What you should do — From the records below, output exactly the lines running from the line containing "Cartes postales Tu" through the line containing "Arete Largo 02.26.0155", and no others.

[Data entries]
####################
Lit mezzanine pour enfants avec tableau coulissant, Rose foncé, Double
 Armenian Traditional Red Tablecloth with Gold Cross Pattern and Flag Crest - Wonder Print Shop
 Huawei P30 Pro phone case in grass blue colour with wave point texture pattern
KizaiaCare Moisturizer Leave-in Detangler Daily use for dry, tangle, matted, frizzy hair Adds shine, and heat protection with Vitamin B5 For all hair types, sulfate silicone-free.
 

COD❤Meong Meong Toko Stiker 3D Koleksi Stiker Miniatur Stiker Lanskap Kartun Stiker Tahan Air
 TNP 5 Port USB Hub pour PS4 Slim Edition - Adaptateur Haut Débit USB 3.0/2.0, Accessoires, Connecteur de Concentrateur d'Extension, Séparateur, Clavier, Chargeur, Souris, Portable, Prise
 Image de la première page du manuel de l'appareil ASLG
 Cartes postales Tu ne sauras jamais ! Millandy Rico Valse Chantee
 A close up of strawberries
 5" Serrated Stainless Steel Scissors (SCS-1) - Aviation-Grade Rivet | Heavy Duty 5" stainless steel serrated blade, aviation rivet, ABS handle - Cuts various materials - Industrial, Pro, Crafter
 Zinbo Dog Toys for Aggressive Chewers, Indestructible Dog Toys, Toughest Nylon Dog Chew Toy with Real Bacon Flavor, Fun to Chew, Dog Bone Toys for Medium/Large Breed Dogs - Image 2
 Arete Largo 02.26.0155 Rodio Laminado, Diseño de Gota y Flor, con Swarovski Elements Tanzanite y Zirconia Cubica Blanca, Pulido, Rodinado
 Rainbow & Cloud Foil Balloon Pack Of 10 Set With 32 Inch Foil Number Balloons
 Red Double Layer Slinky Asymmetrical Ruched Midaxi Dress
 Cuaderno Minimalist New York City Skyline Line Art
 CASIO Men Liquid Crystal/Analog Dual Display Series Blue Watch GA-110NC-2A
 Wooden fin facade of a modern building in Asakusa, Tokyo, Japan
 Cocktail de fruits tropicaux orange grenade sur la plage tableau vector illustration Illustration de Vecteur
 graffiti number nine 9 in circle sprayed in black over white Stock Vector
####################
Solution for this problem —
 Cartes postales Tu ne sauras jamais ! Millandy Rico Valse Chantee
 A close up of strawberries
 5" Serrated Stainless Steel Scissors (SCS-1) - Aviation-Grade Rivet | Heavy Duty 5" stainless steel serrated blade, aviation rivet, ABS handle - Cuts various materials - Industrial, Pro, Crafter
 Zinbo Dog Toys for Aggressive Chewers, Indestructible Dog Toys, Toughest Nylon Dog Chew Toy with Real Bacon Flavor, Fun to Chew, Dog Bone Toys for Medium/Large Breed Dogs - Image 2
 Arete Largo 02.26.0155 Rodio Laminado, Diseño de Gota y Flor, con Swarovski Elements Tanzanite y Zirconia Cubica Blanca, Pulido, Rodinado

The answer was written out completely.